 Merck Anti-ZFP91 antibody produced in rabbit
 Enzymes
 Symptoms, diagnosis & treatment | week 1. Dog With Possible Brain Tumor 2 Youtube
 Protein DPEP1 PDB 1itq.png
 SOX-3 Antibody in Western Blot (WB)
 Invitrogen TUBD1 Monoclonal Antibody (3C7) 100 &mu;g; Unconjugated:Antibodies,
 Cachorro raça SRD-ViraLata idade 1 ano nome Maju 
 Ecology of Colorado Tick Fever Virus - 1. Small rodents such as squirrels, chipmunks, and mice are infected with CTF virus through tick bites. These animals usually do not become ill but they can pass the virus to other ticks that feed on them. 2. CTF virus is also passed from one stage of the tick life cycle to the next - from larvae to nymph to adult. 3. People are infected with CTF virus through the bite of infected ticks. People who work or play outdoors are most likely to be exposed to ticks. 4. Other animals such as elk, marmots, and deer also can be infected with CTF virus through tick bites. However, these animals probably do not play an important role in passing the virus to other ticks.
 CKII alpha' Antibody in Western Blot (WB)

.....

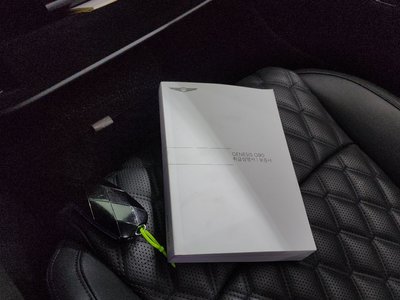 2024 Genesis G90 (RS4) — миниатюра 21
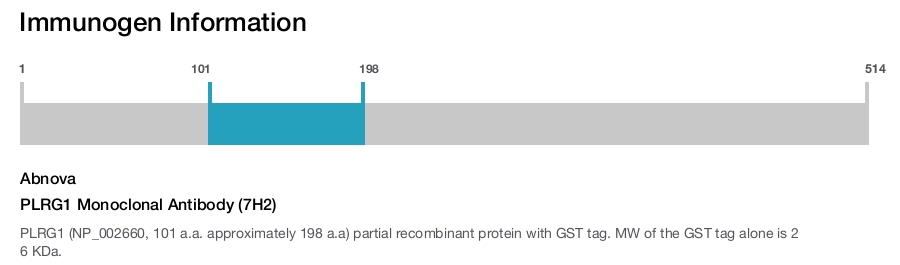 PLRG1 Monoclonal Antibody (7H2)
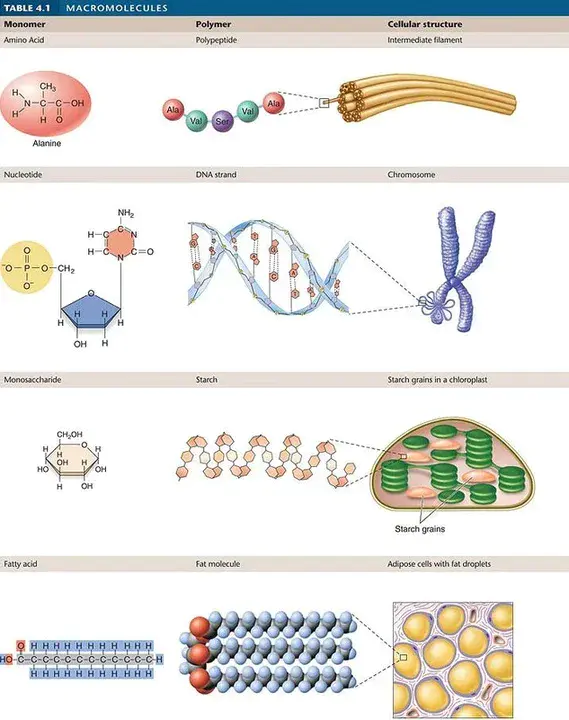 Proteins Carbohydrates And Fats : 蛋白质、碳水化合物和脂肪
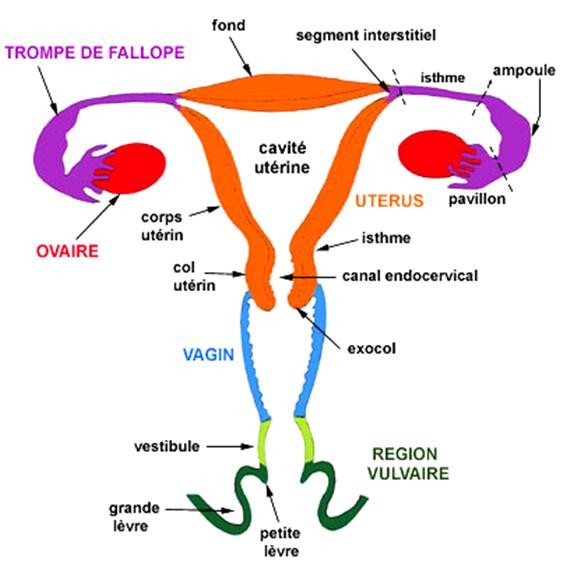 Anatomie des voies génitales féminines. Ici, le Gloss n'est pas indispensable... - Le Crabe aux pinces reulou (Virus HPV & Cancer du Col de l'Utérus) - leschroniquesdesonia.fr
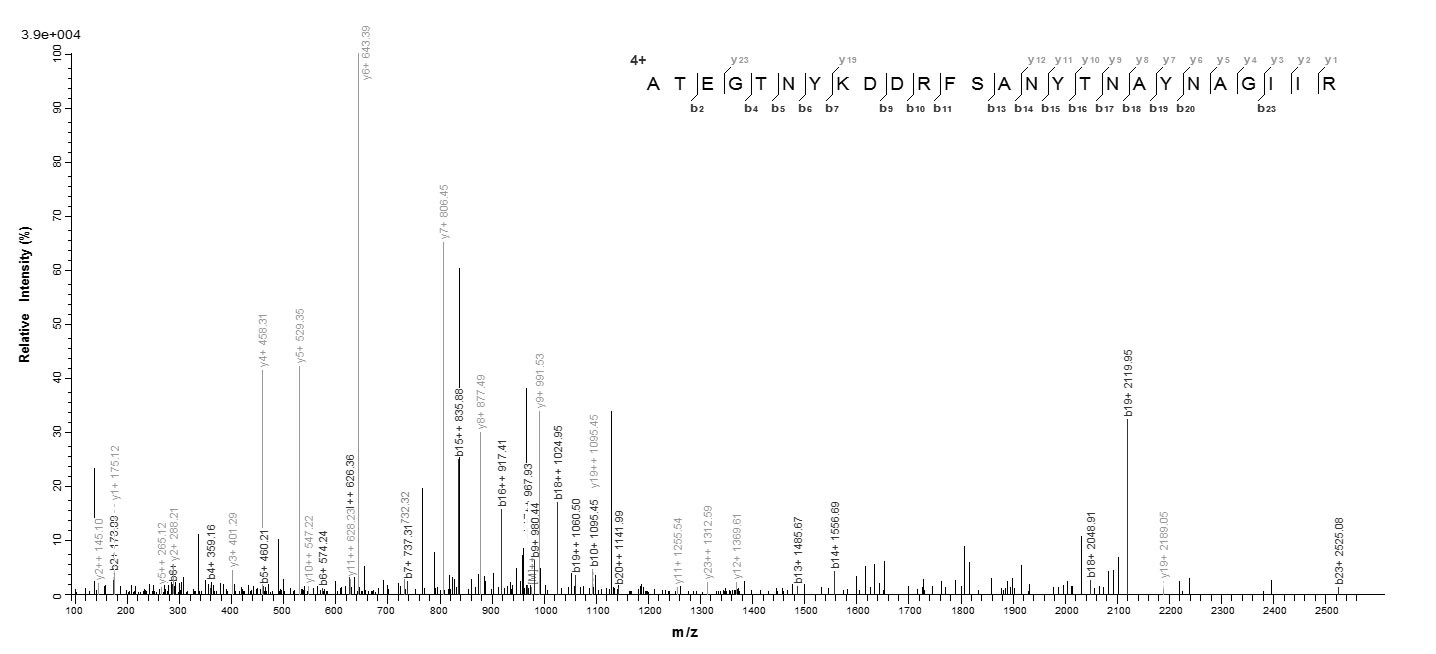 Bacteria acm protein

.....

** Description of the task **
Scan the data above for the word "Western", then copy every line that holds it.

** Solution below **
 SOX-3 Antibody in Western Blot (WB)
 CKII alpha' Antibody in Western Blot (WB)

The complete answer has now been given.